Университет настаивает, чтобы эта передача серьезно не помешала исследованиям Кавендишской лаборатории, которые идут полным ходом, и, в частности, они требуют, чтобы на Л[аурмана] и П[ирсона] не оказывалось никакого давления с целью побудить их поехать в Россию. В любом случае к этому вопросу придется подходить очень осмотрительно, чтобы свести к минимуму ущерб для работы лаборатории. Если Л. через некоторое время будет готов ехать, мы сможем послать его первым. С П. дело сложнее, однако этот вопрос можно будет рассмотреть, когда будут готовы новые ожижители. Могу сообщить Вам, что ради экономии времени я собираюсь начать работу над новым гелиевым ожижителем немедленно.

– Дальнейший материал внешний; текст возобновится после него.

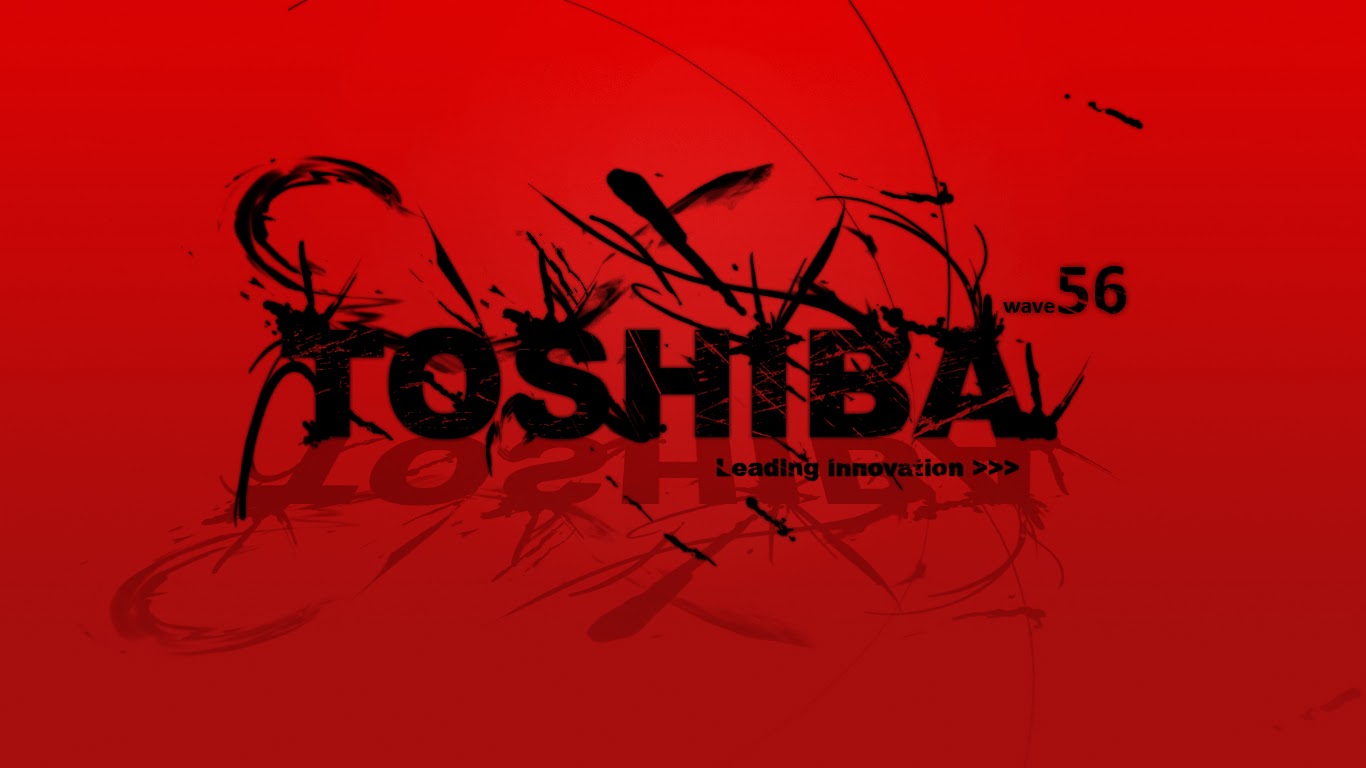 Toshiba HD Wallpapers | HD Wallpapers 360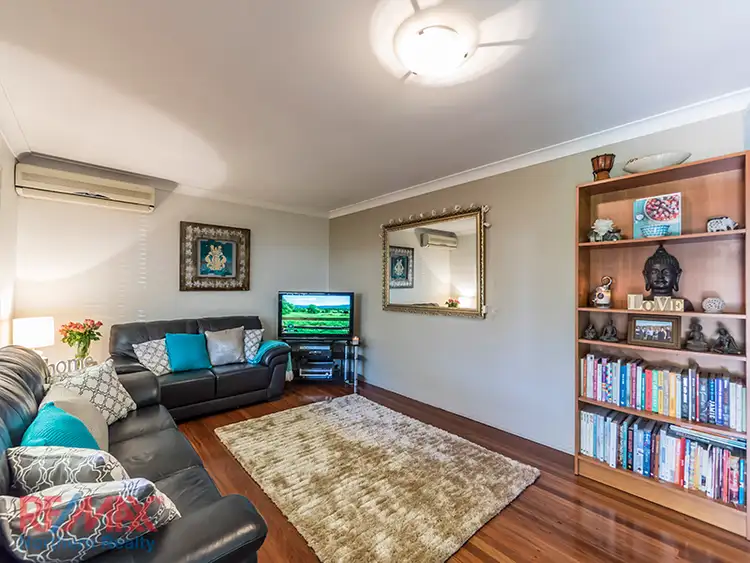 Fourth view of Homely house listing, 7 Doonside Parade, Brendale QLD 4500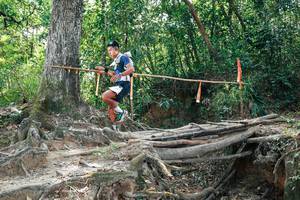 BIB: 
                            <button type="button" onclick="openModal(27802916)" class="btn btn-primary btn-sm float-right btn-popup" data-toggle="modal" data-target=".modal-high-quality">
                        <i class="fas fa-shopping-cart"></i> Add to Cart
                    </button>
                                            <button type="button" onclick="isThisMe(27802916, true)" class="btn btn-success btn-sm float-right btn-popup btn-isme hidden" data-toggle="tooltip" data-placement="bottom" title="นี่คือรูปของคุณใช่ไหม คลิกที่นี่เพื่อเอาเข้าอัลบั้ม">
                        <i class="fas fa-plus"></i> Add to album
                    </button>
                    <button type="button" onclick="isThisMe(27802916, false)" class="btn btn-warning btn-sm float-right btn-popup btn-isnotme hidden">
                        <i class="fas fa-ban"></i> Remove from album
                    </button>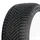 Linglong Sport Master 4S 205/55 R17 95S XL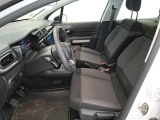  Citroen  C3 CITROEN  Société / 2020 / 5P / Berline PureTech 83 S&S BVM Feel Nav #8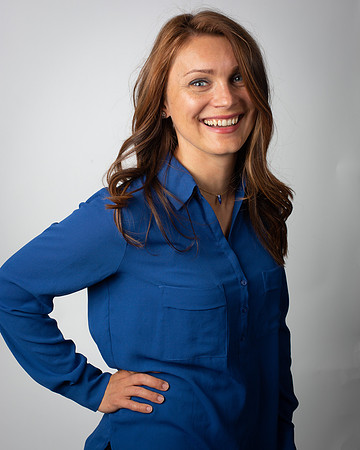 SOMBILON STUDIOS-631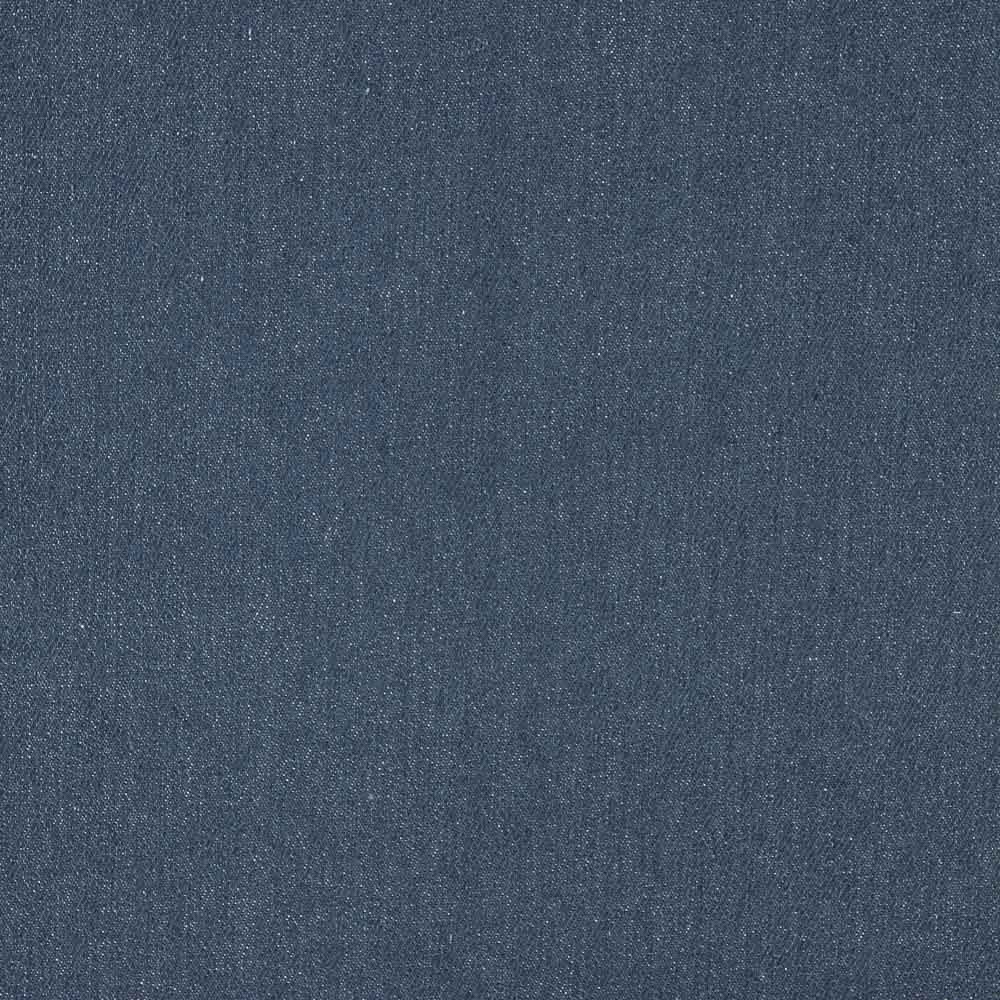 Nims Blue Jeans - Ribes y Casals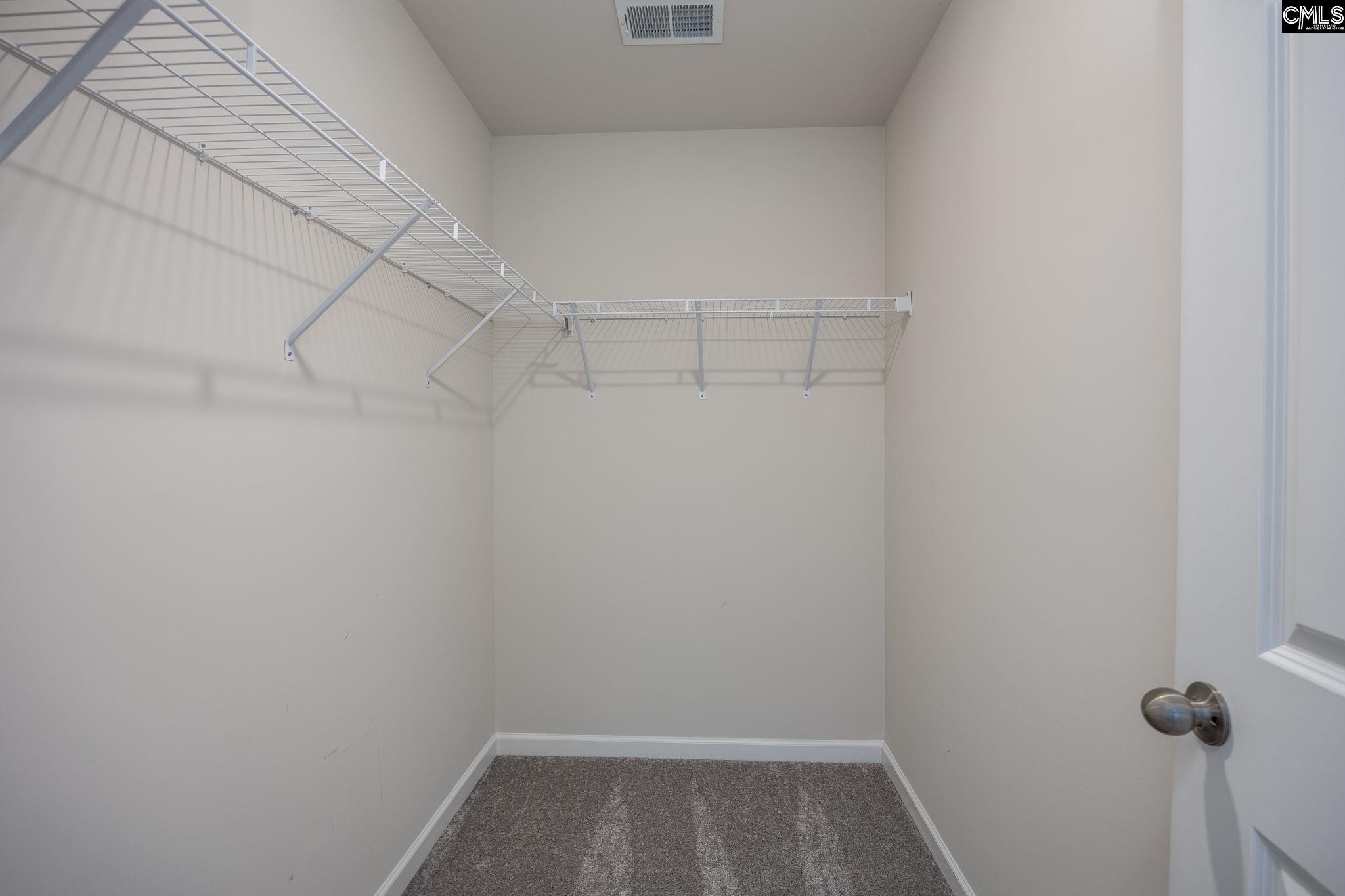 410 Windy Farm Road Gilbert, SC 29054 - Photo 18 of 33
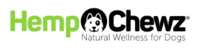 Hempchewz Coupon Codes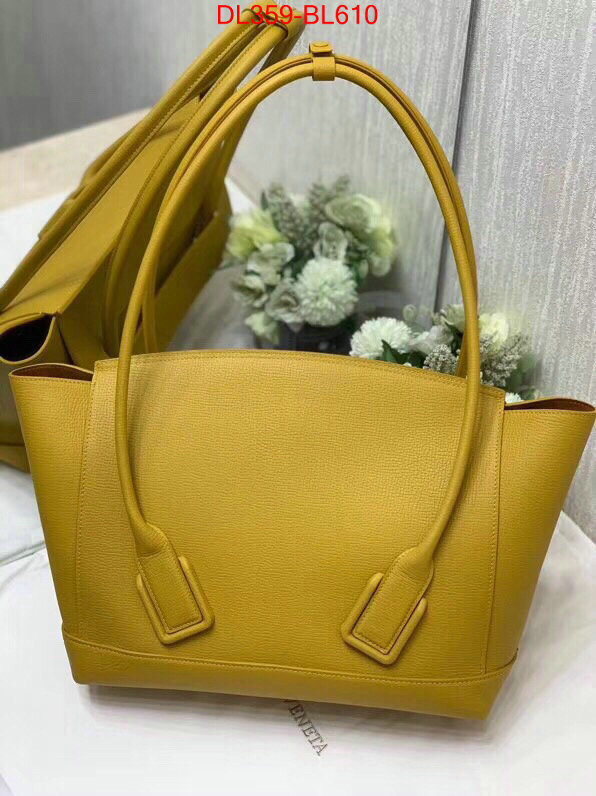 BV Bags(TOP)-Arco,fashion replica ,ID: BL610,$:359USD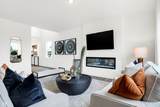 7230 Estes Drive - Photo 15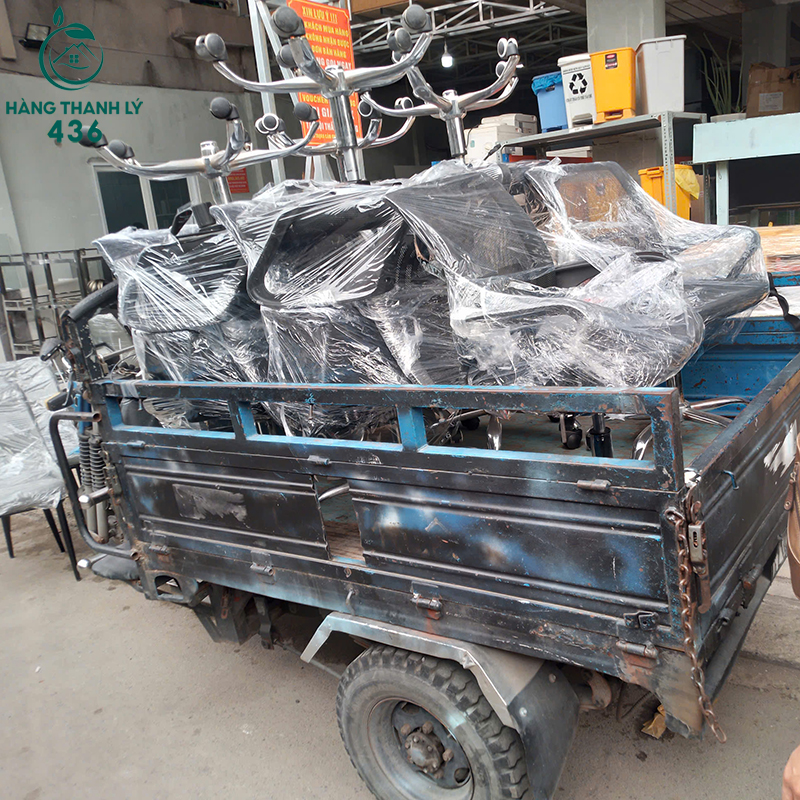 mua-ghe-van-phong-cu-gia-tot-o-dau-tai-tp-hcm-7 Mua Ghế Văn Phòng Cũ Giá Tốt Ở Đâu Tại TP.HCM?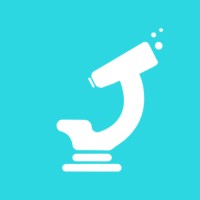 JED Life Sciences Inc. logo - Similar company to Brandbong.Ai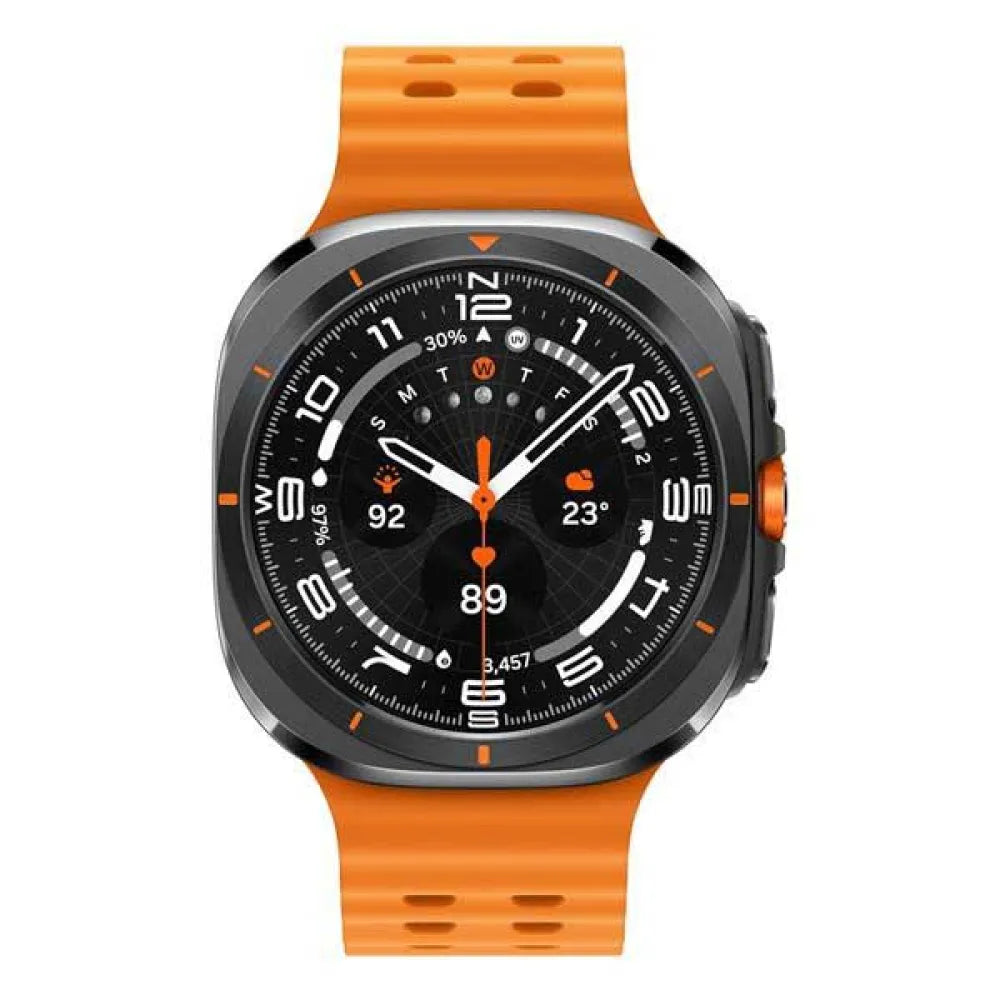 Samsung Smartwatch Galaxy Watch Ultra 2025 47.4mm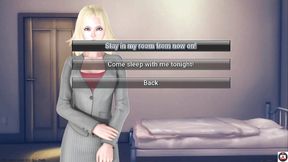 Public Sex Life H - (pt 25)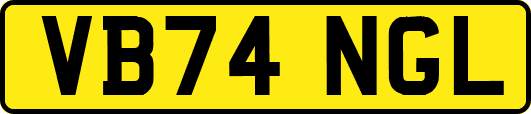 VB74NGL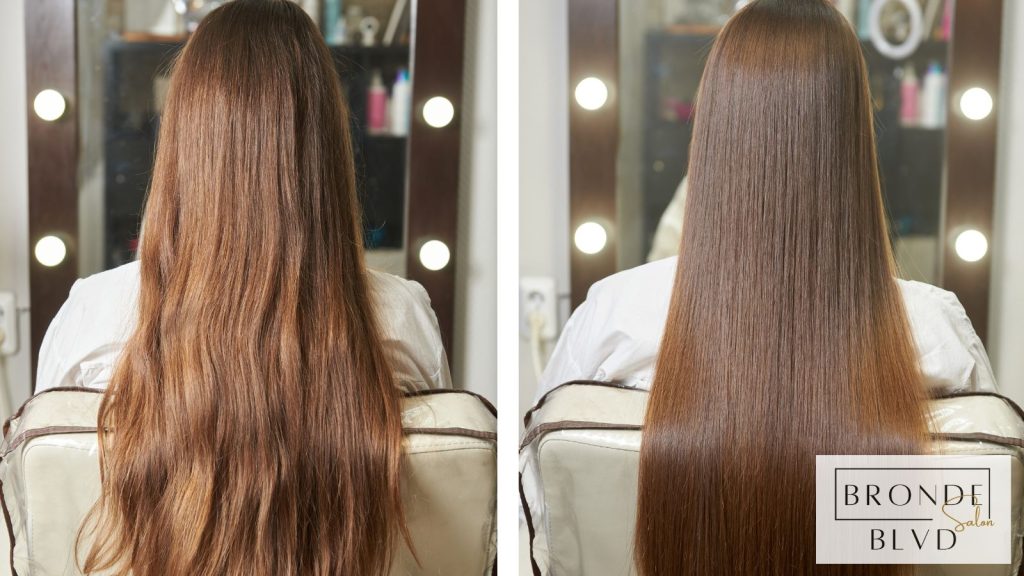 Hair Magic on the Horizon: Discover the Latest Innovations in Hair Treatments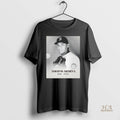 Official Rip Yoervis Medina 1988 2025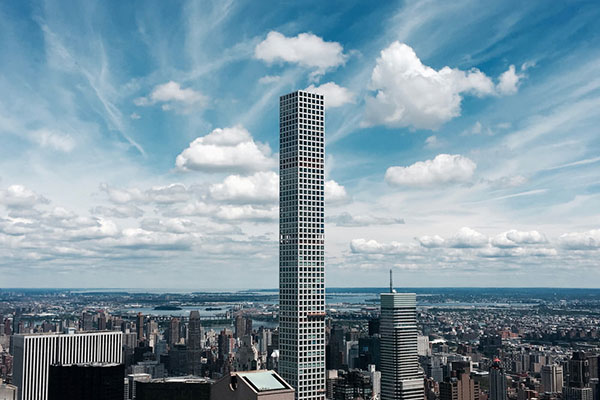 智能變配電監(jiān)控系統(tǒng)：構建高效、安全的電力管理新生態(tài)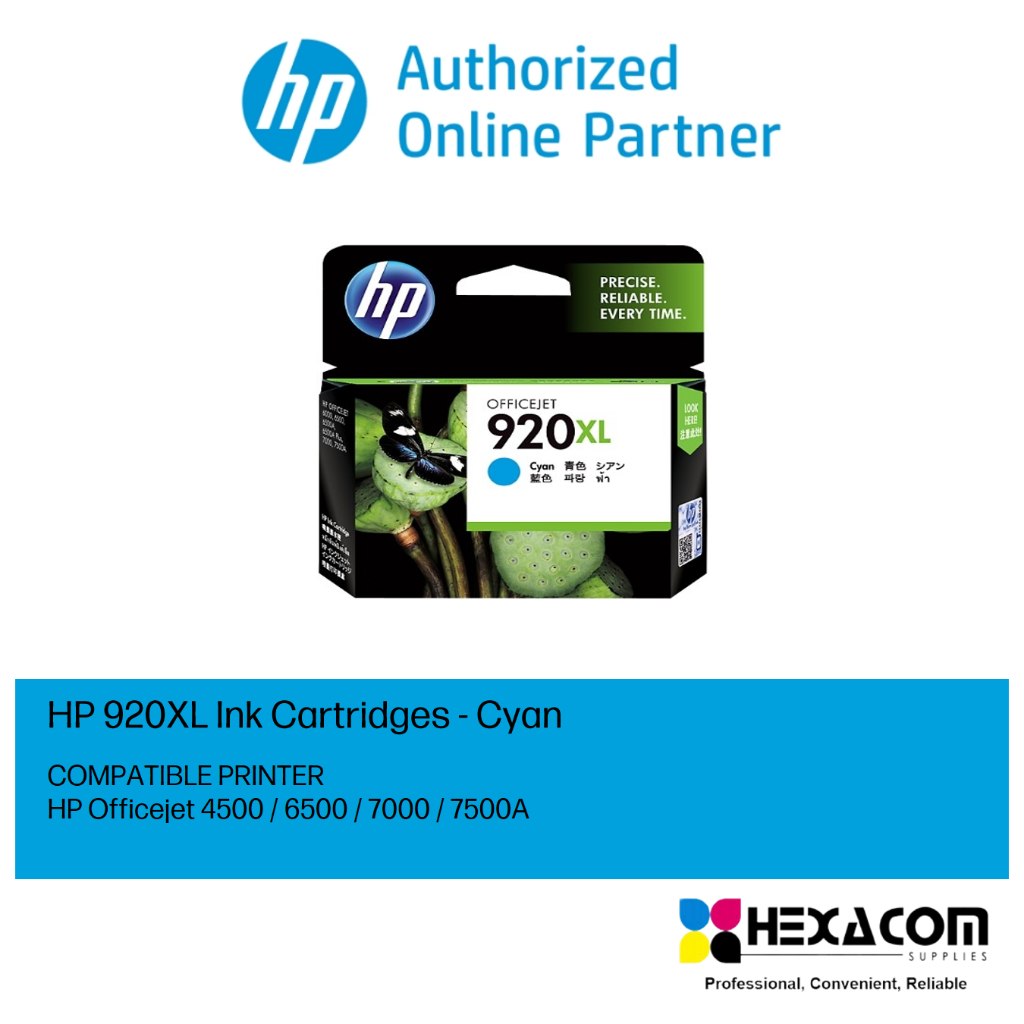hp920-3_21_11zon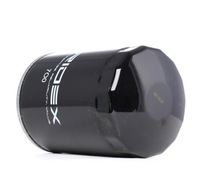 фото thumb №8, Ridex 7o0086 фільтр оливи фільтр гвинтовий do ford ranger et do lexus lx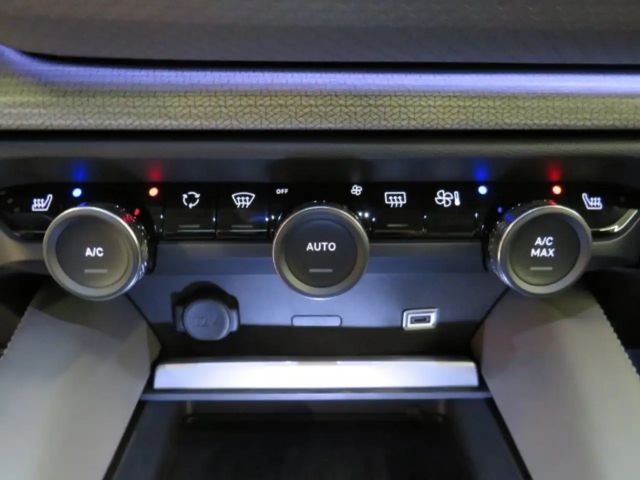 Citroën C5 X Hybrid Pack Shine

Что касается других пожеланий, изложенных в письме Питера, то тут имеются большие сложности, и в настоящее время принять какие-либо решения вряд ли удастся. Мне кажется, что этот вопрос следует отложить на будущее. Вполне вероятно, что удастся уладить его каким-то неформальным способом.

Рад сообщить Вам, что у нас все здоровы, хотя кое-какие неприятности в лаборатории были. Д-р Астон провел две недели в больнице, где ему была сделана небольшая операция, а у Олифанта были проблемы с глазами, и он тоже провел неделю или около того в больнице „Ивлин“. Оба они, однако, сейчас чувствуют себя хорошо и сегодня выписываются.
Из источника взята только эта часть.